Fun with Limit languages

Given an alphabet \Sigma the set of all finite words over \Sigma is denoted by \Sigma^{*}. The set of all infinite words over \Sigma is denoted by \Sigma^{\omega}.

For any infinite word \sigma let {\it pref}(\sigma) denote the set of all prefixes of \sigma.

For a language L \subseteq \Sigma^{*}, we define the Limit Language of L to be the subset of \Sigma^{\omega} defined as \hat{L} = \{\sigma | {\it pref}(\sigma) \cap L \text{ is an infinite set} \}

Thus for each infinite word \sigma in L^{'}, there is a totally ordered (with respect to the prefix ordering) infinite subset S_{\sigma} of L.

Let us look at an infinite language L^{'} over the alphabet \Sigma = \{a, b\} where L^{'} = \{\sigma | \sigma \text{ has finitely many b's} \}

The question we are interested in is , can this L^{'} be the limit language of some language L?

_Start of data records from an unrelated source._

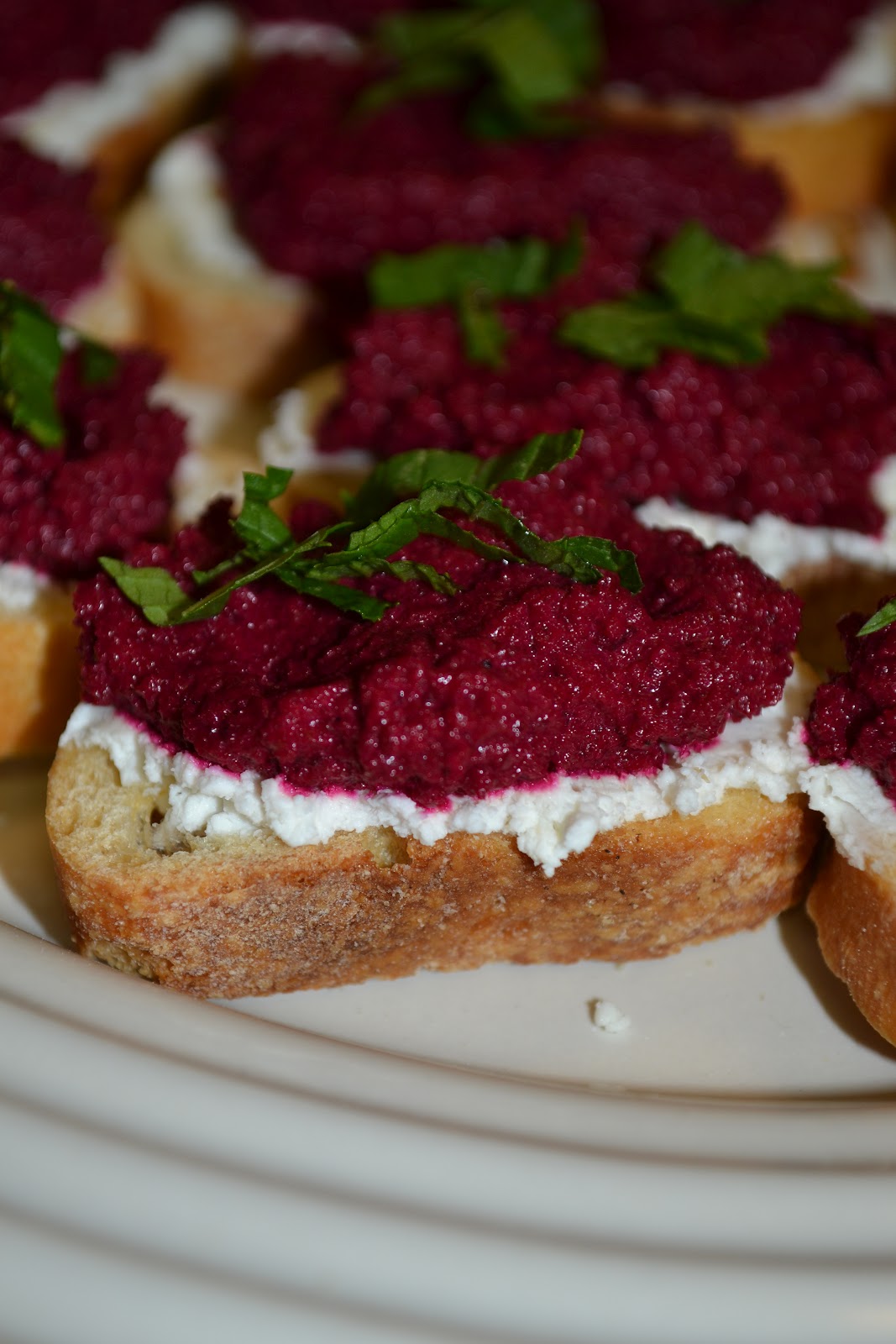 bonbons & biscotti Beet Hummus, Goat Cheese, Mint Crostini (plus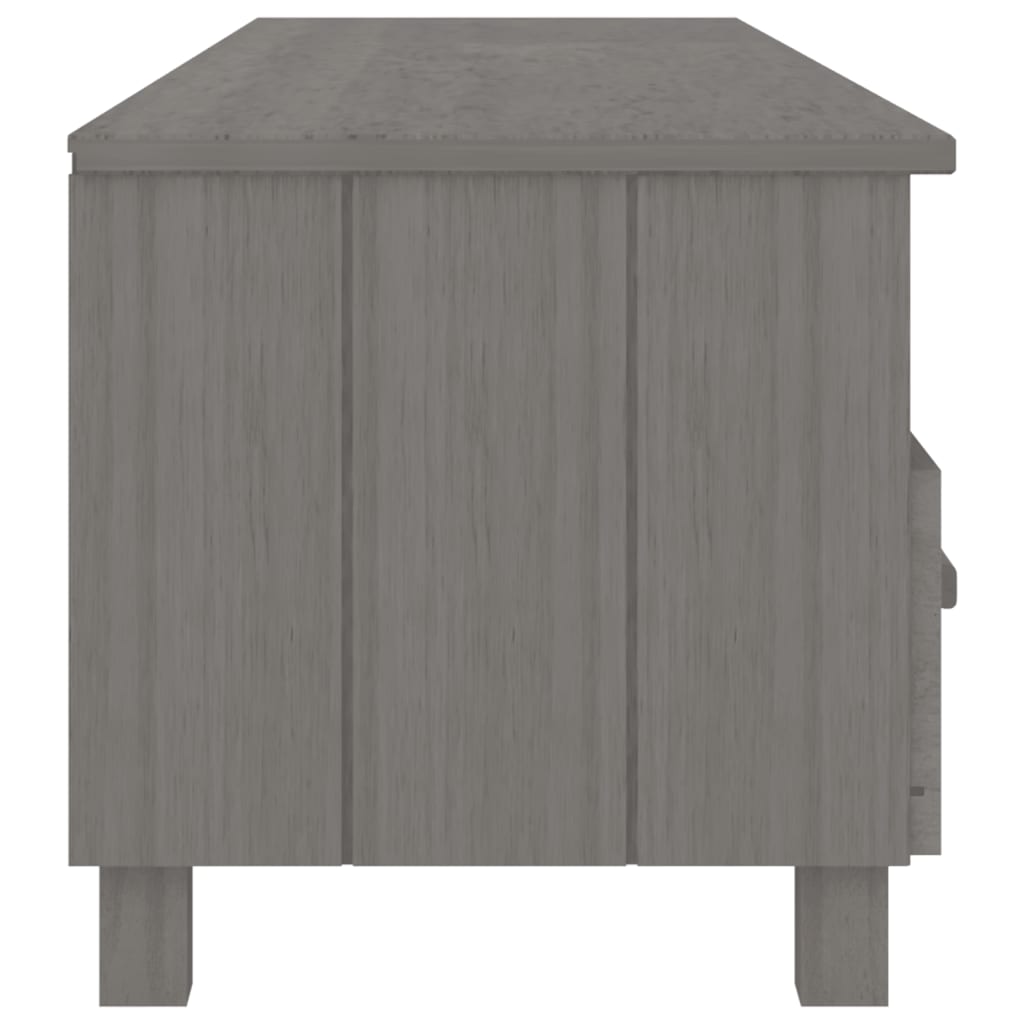 vidaXL Dulap TV „HAMAR”, gri deschis, 158x40x40 cm, lemn masiv de pin vidaXL Dulap TV „HAMAR”, gri deschis, 158x40x40 cm, lemn masiv de pin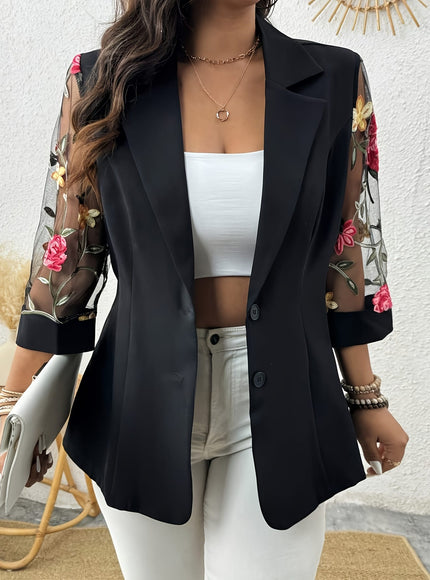 KissICON Elegant Curve Floral Embroidered Lapel Blazer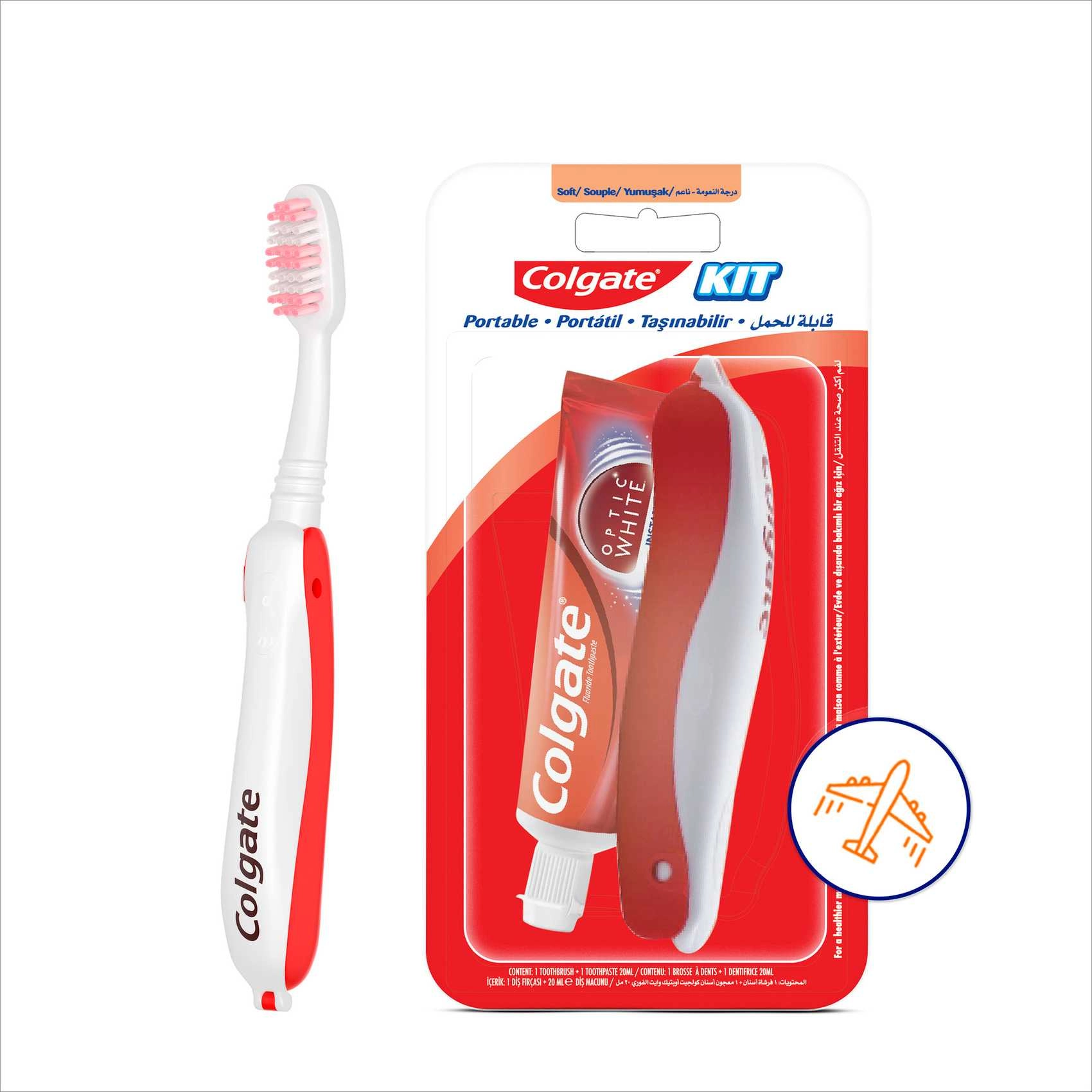 Truvant Optic White Toothpaste - 20ml + Foldable Soft Toothbrush - 1 PCS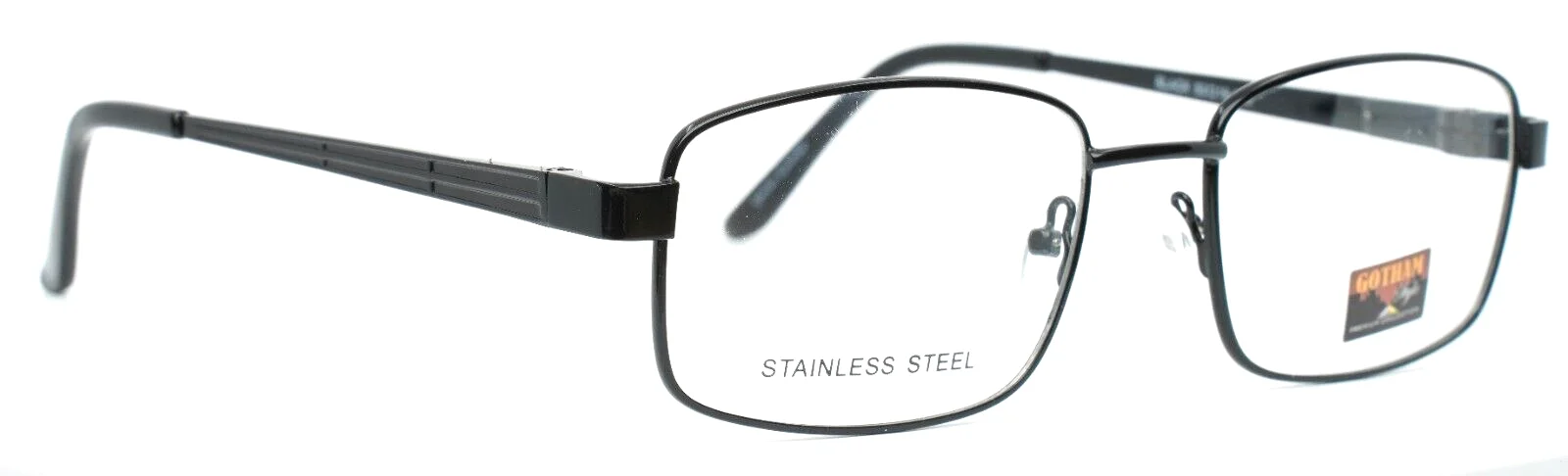 GOTHAM STYLE Stainless 25 Black Unisex Rectangle Eyeglasses 53-19-145 B:37 3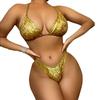 European & American Halter Neck Gold Foil Sexy Bikini - Solid Color, Back Tie (DY2420)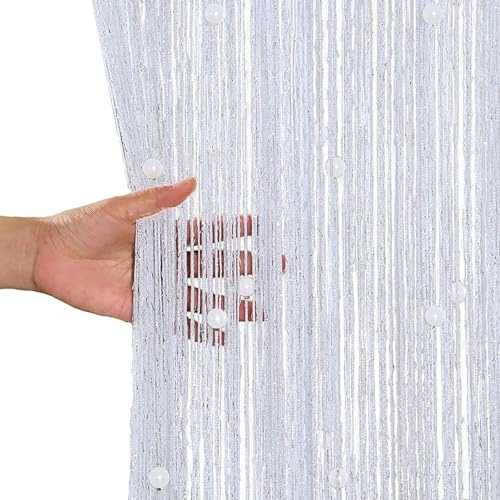 Yulun0328 Beaded Door Curtain - Bead Curtains for Doorways, Fly Screens for Doors Beaded, String Fly Curtain for Door, Indoor Hanging Decoration (White, W 39.4 x L 78.7 (1 Panels))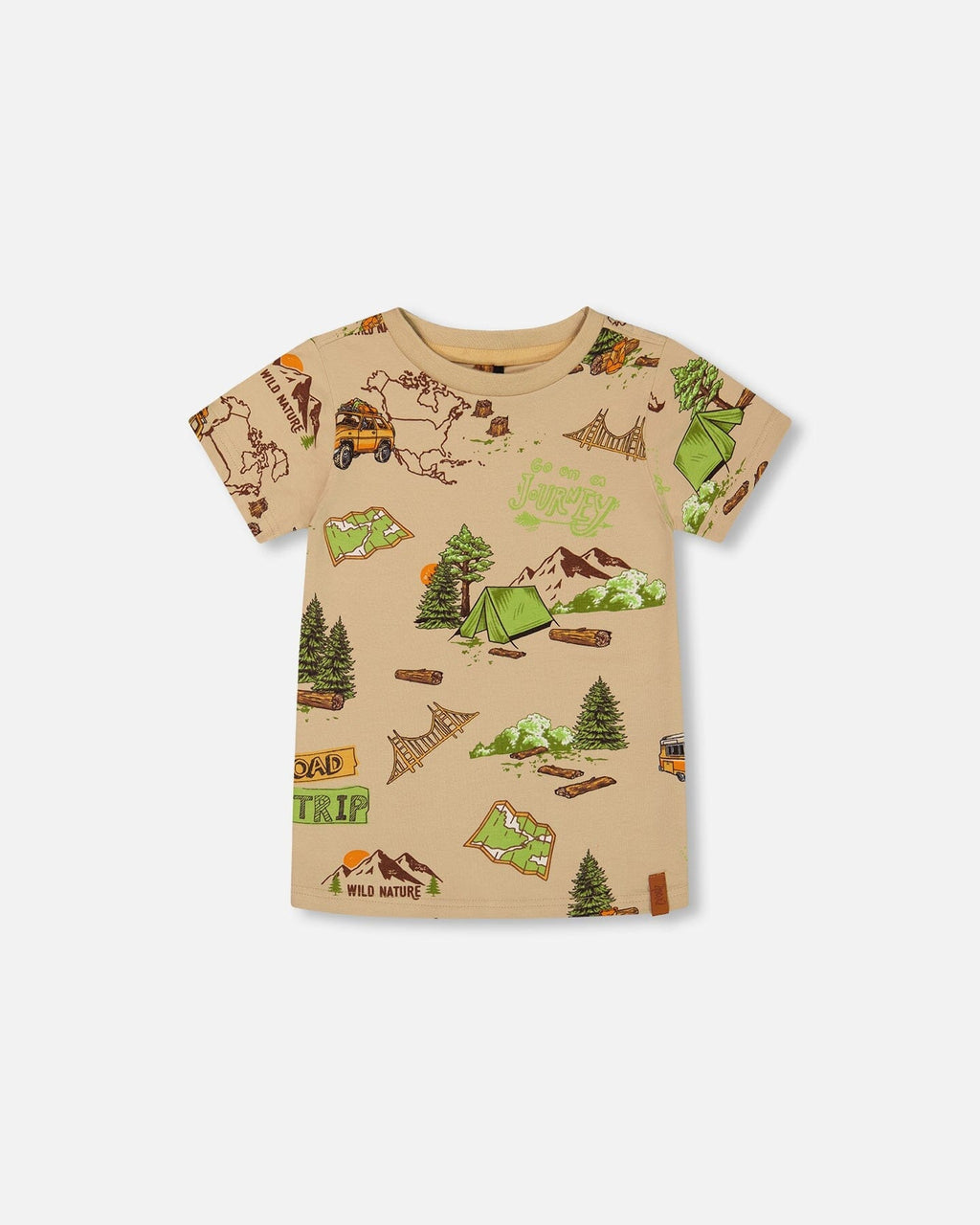 Printed Organic Cotton Tee Camping Beige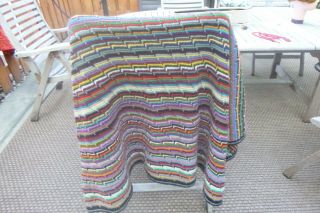 Many Colored Hand Crocheted Blanket Afgan Spread Covering 54 By 44 Vintage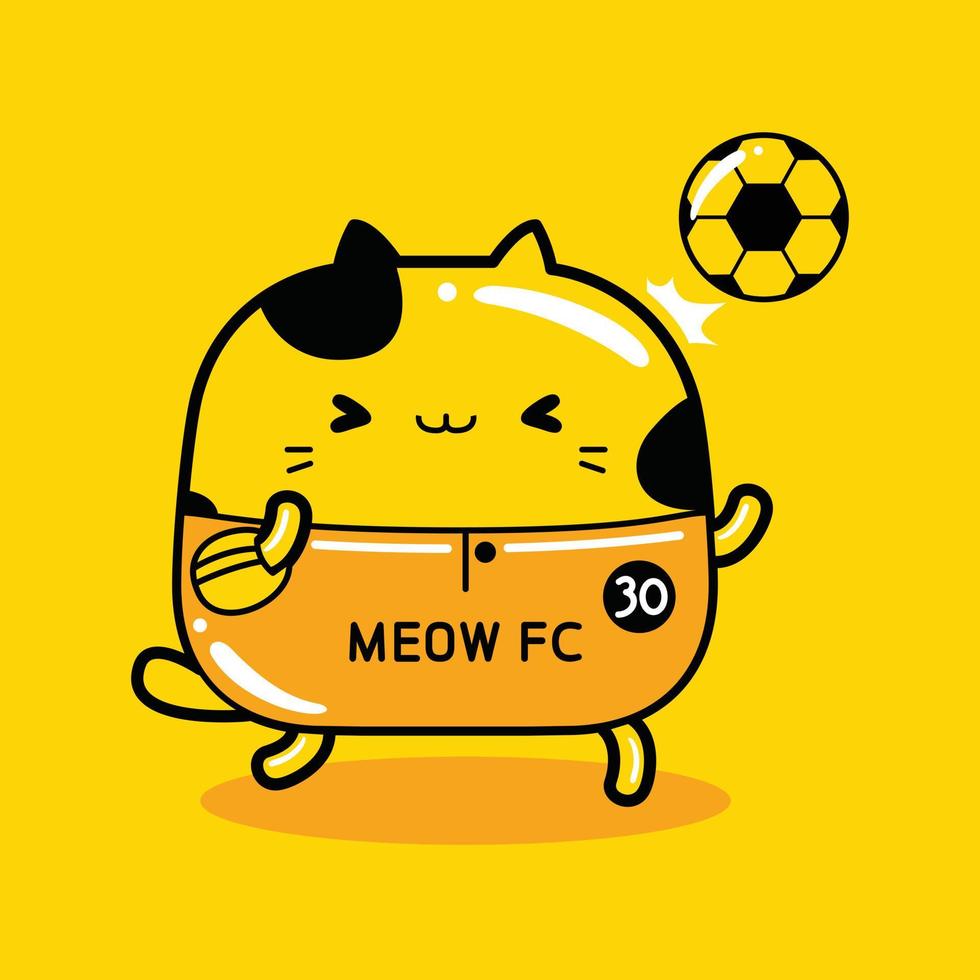 profession de joueur de football de personnage de mascotte de chat mignon dans un style cartoon plat vecteur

For now, let us assume that there is such a language L \subseteq \Sigma^{*} whose limit language is L^{'}. Following the notation set up earlier,  L^{'} = \hat{L}.

Note that any word in L^{'} can be viewed as some finite word over \Sigma suffixed with infinite number of a‘s. And so, we can write L^{'} = \Sigma^{*}a^{\omega}.
It follows that for every x \in \Sigma^{*}, we have xa^{\omega} \in L^{'}. Since L^{'} is also a limit language, there are infinitely many prefixes of xa^{\omega} in L. This implies that we can always find an integer n such that xa^{n} \in L.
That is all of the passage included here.